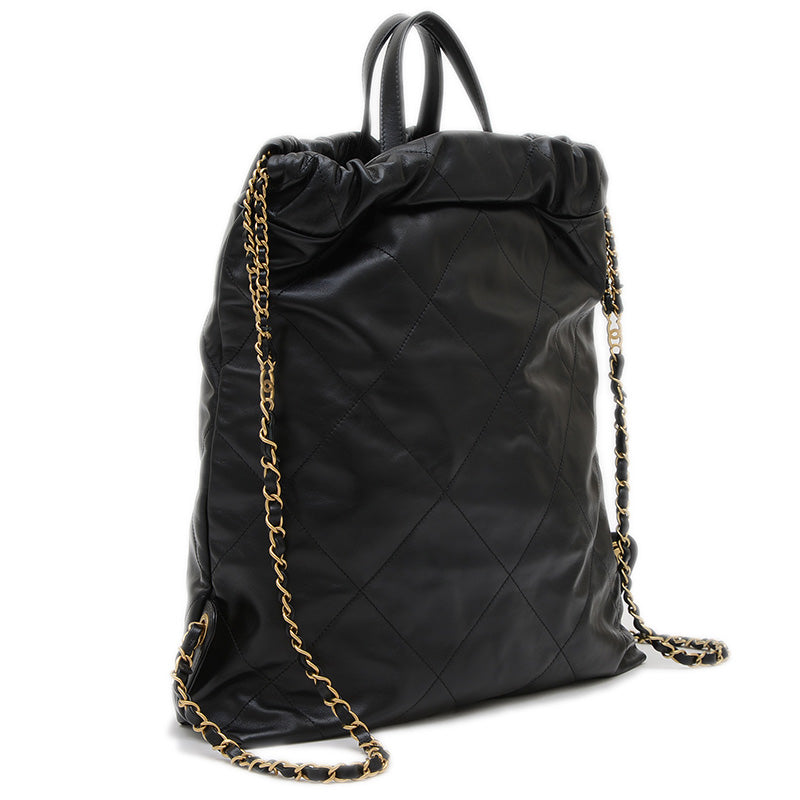シャネル22 ラージ バックパック レザー ブラック ゴールド金具 AS3313 リュック・デイパック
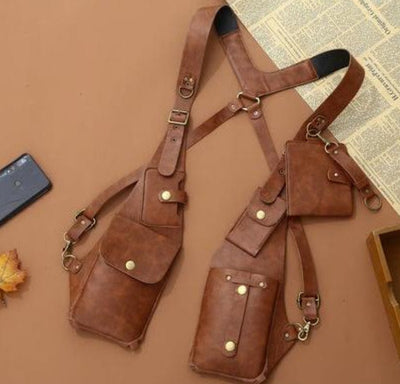 Men's Leather Forearm Shoulder Bag - Everyday Crossbody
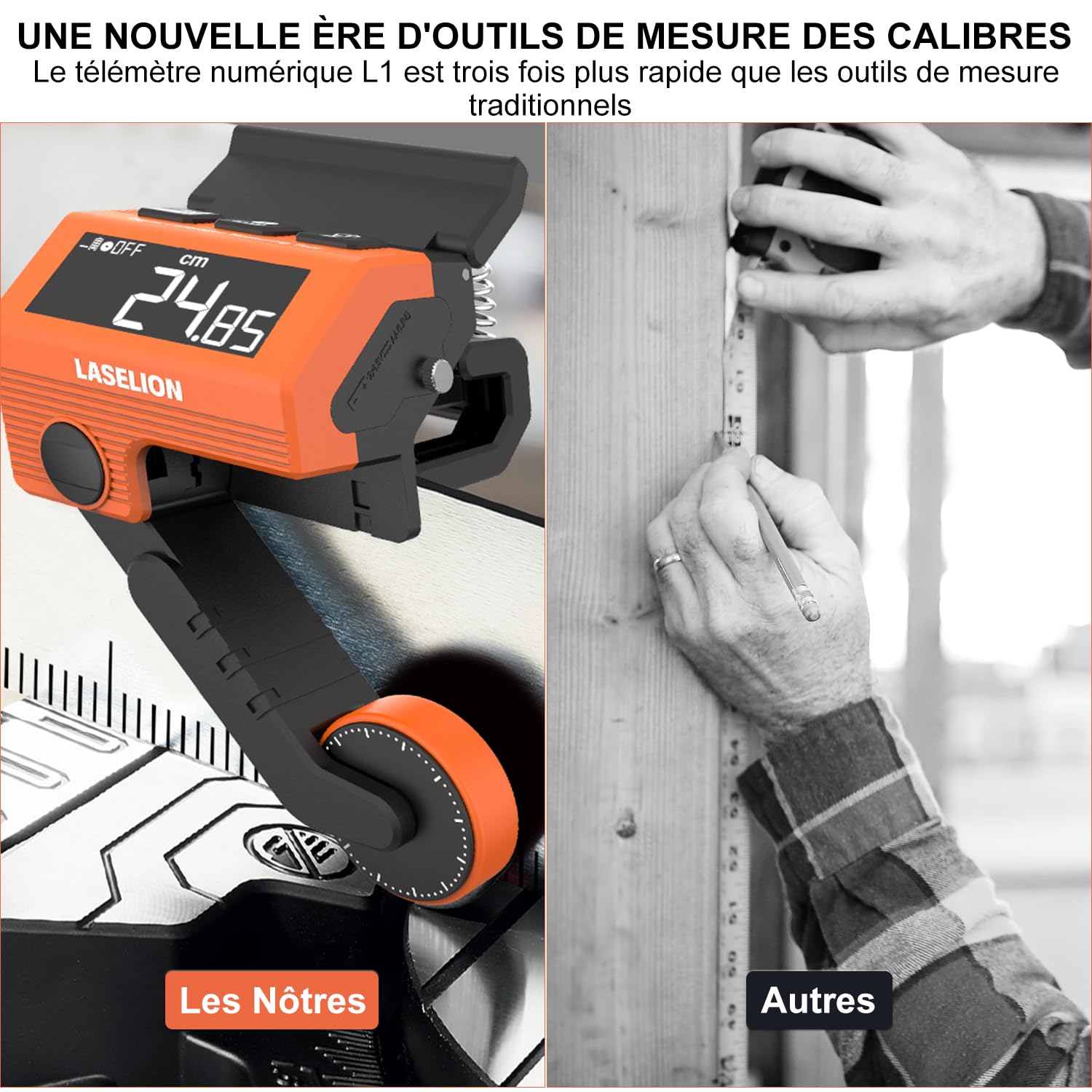 LASELION Outil de mesure numérique pour scie à onglet, jauge précise de butée de scie avec pince réglable, calibrage d'angle et de décalage pour le travail du bois et du métal L1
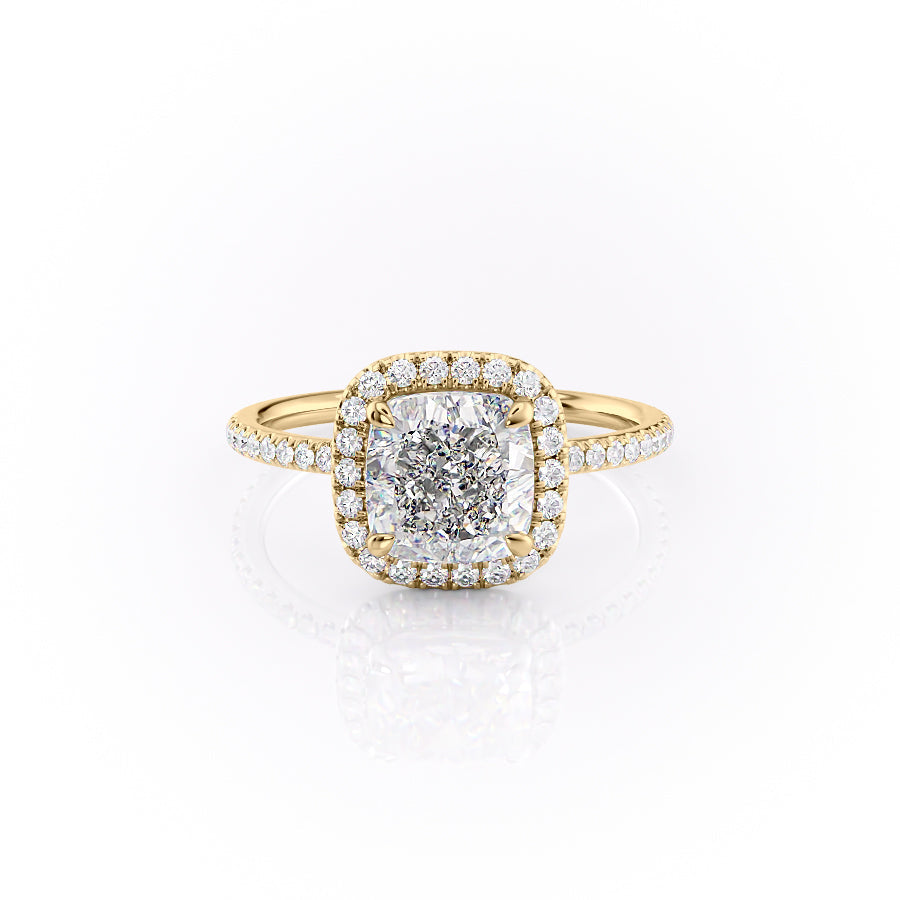 The Aurora — Cushion Lab Diamond Halo Engagement Ring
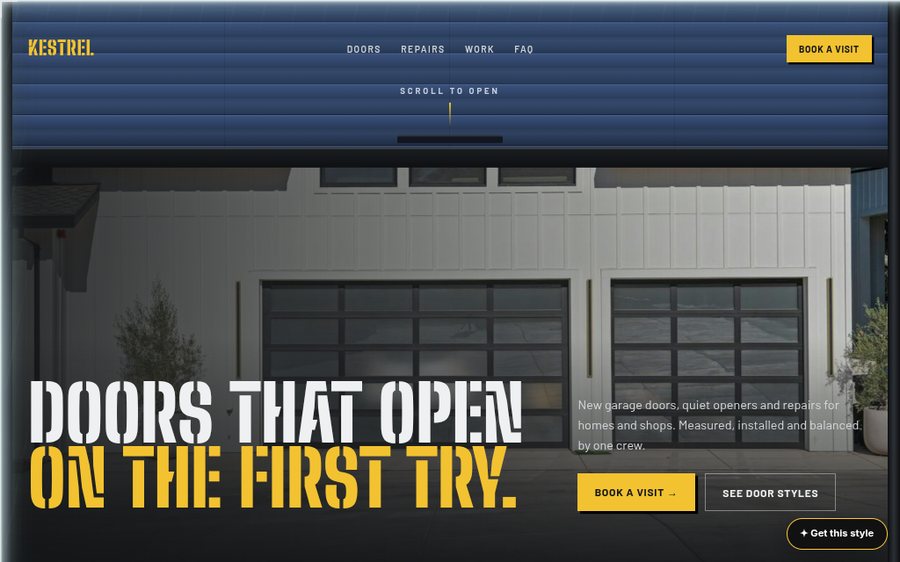 Kestrel Garage Doors sample website by Cheap Cheap Websites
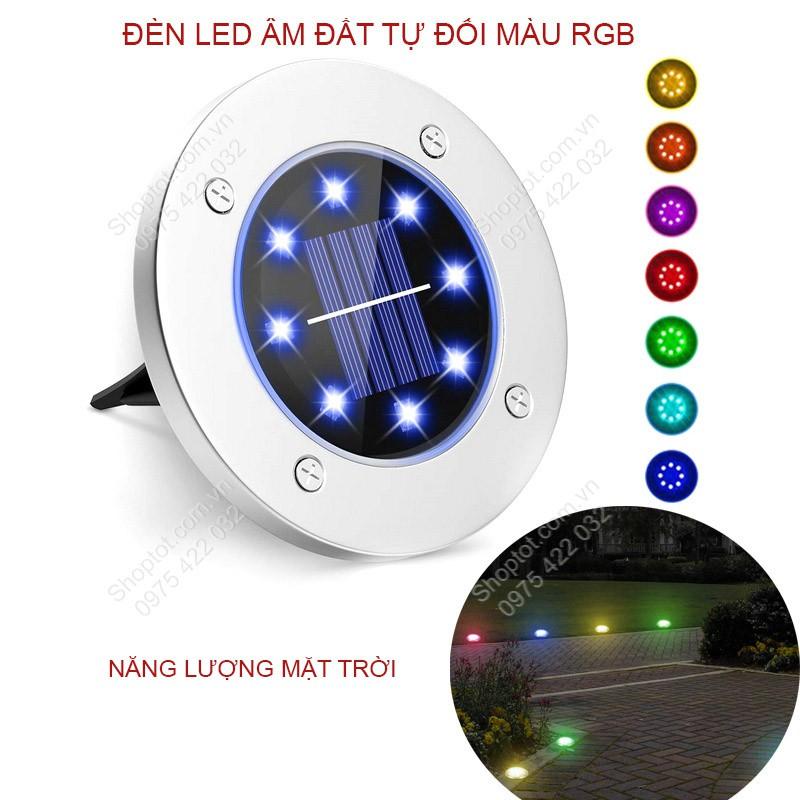 ĐÈN LED TỰ ĐỔI MÀU RGB NĂNG LƯỢNG MẶT TRỜI, 8 MẮT LED 0.8W CẮM SÂN VƯỜN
⁂
Aim of the exercise:
Would you retype every record above exactly, leaving out the pictures?

Expected output:
シャネル22 ラージ バックパック レザー ブラック ゴールド金具 AS3313 リュック・デイパック
 Men's Leather Forearm Shoulder Bag - Everyday Crossbody
 LASELION Outil de mesure numérique pour scie à onglet, jauge précise de butée de scie avec pince réglable, calibrage d'angle et de décalage pour le travail du bois et du métal L1
 The Aurora — Cushion Lab Diamond Halo Engagement Ring
 Kestrel Garage Doors sample website by Cheap Cheap Websites
 ĐÈN LED TỰ ĐỔI MÀU RGB NĂNG LƯỢNG MẶT TRỜI, 8 MẮT LED 0.8W CẮM SÂN VƯỜN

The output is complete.